Once we had established our goals, defined our how might we’s, attempted to define an integrated idea from two opposing solutions, and selected a couple ideas we wanted to explore (what ifs) we were asked to identify a protagonist for our story and sketch out our ideas in the form of a two-minute video. While the workshop as a whole was incredibly informative and fun the part that was most educational, for me personally, occurred when we were asked to think about the challenges, solutions and users in an integrated and holistic way by telling a short simple story. Our instructions were as follow:

1. Identify a protagonist for your story & consider the following: 




Demographics: gender, age, class, ethnicity,

2. Sketch out a character arc of the protagonist through a 4-act play

Act I. Introduce the problem space or opportunity.

Act II. Set up how the core tension/problem might be resolved (HMW)

Act III. Present your idea, the potential solution (What If…)

Act IV. Disclose the resolution, identifying the impact of the idea.

3.Video Sketch

a) Simultaneously develop the script and set design for your 4-act video

b) Rehearse the actors’ movements, do a read through, then shoot the video in one take to share with others.

c) Copy video on to computer, then flash drive, then Lisa’s computer.



I write to think, to know and to remember. This is not an abstract meaningless cliché; it’s my reality. For ideas to be fully processed, remembered, created and connected to other ideas, I have to write them all down. It’s a painstakingly slow process and runs counter to every tenet of efficiency, but it’s the way that works for me, my brain and my personality.

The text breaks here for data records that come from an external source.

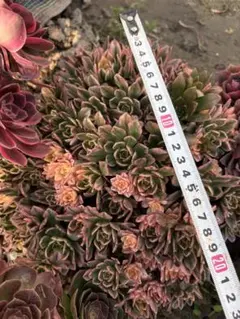 苺大福♡様 リクエスト 2点 まとめ商品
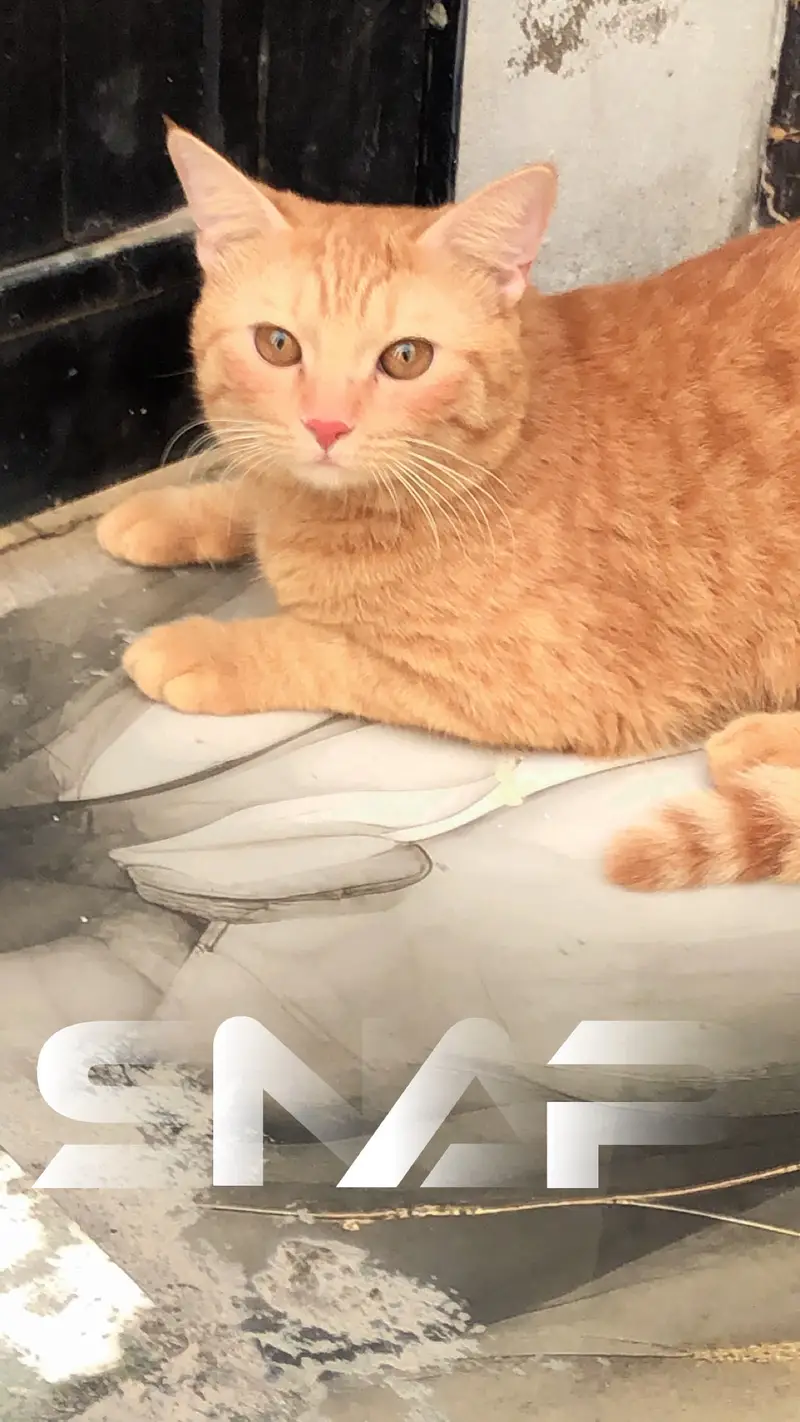 Persian tebby cat buyers contact me in given number — photo 4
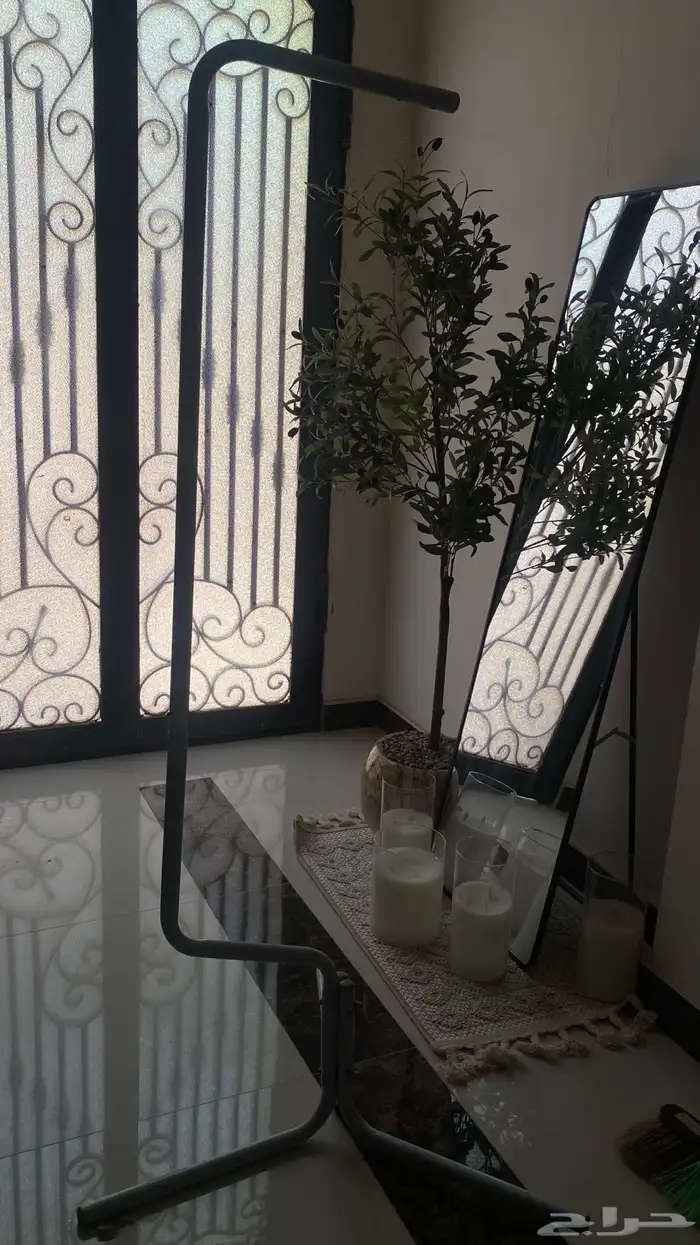 طيور باجي ذكر وانثى مع مستلزماتهم بالوصف 0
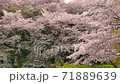 風に揺れる桜の木の枝 71889639
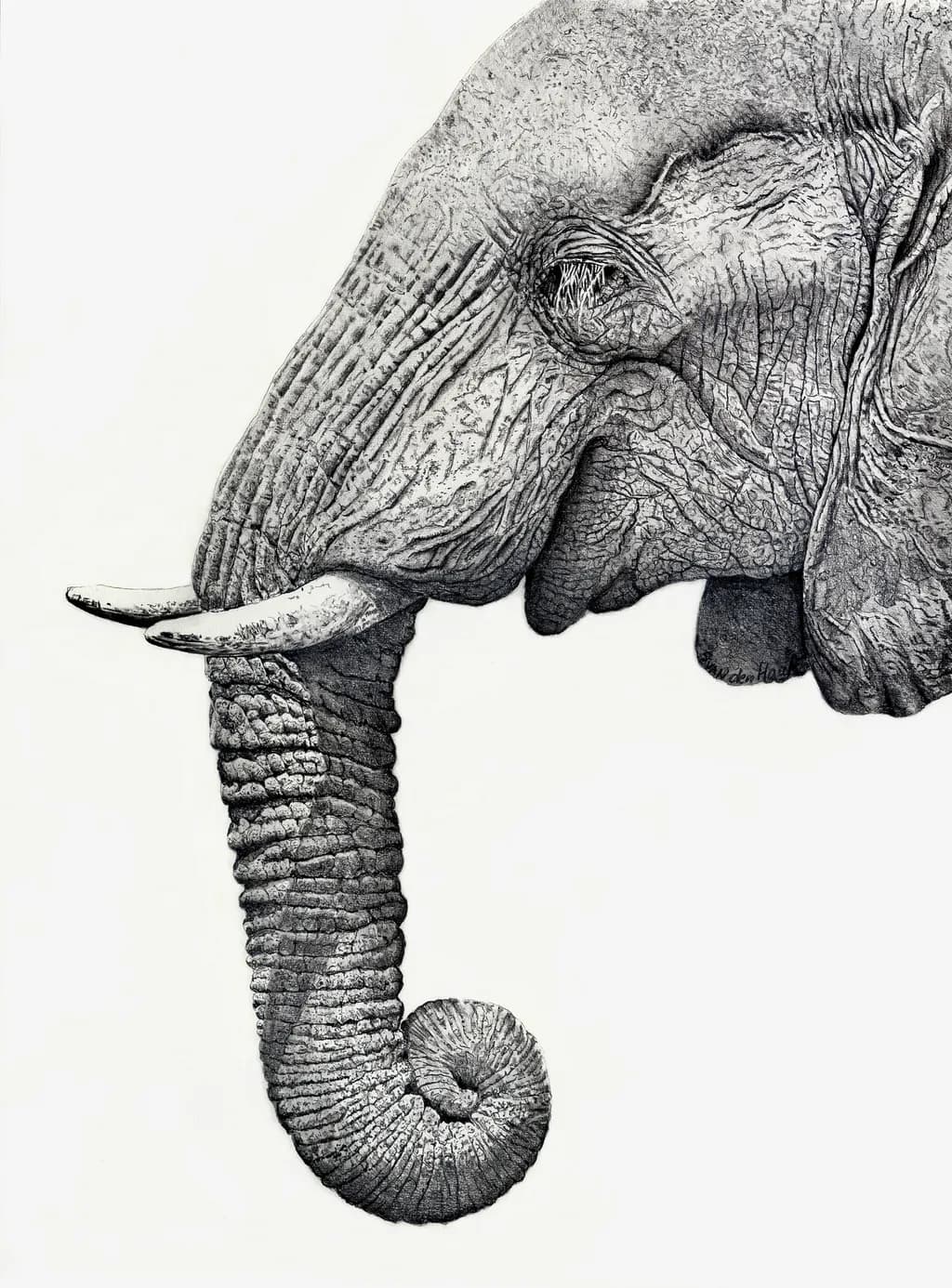 Elephant Profile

By framing the execution of our prototypes in the context of a story, I was able to achieve a fuller, more in depth, conceptual and integrated understanding of the challenge at hand and its various elements than I have been able to up to now with previous design thinking challenges. In most design thinking challenges I have participated in, the execution of the prototypes is left open ended except for an emphasis on using cheap, fast and ordinary materials so that your ideas and prototypes do not become too precious to you.

Sketching out a character arc was a way to identify, keep track of and integrate the various elements of the ‘topography’ of our challenges: the users, activities, environments, objects and interactions that come together to create the reality of the challenge and the impact of the solutions. The medium (video) was also particularly helpful for me because it created a way to visually keep track of all these elements as a coherent whole.

While oftentimes you might not be the intended user of the prototype(s) you are making, it is important to pay attention to your individual needs, preferences and cognitive characteristics when framing the execution of the prototype. Different frames and constraints for executing prototypes will work differently for different people. The key is experimenting with various limits and restrictions until you find the right mix and medium for you.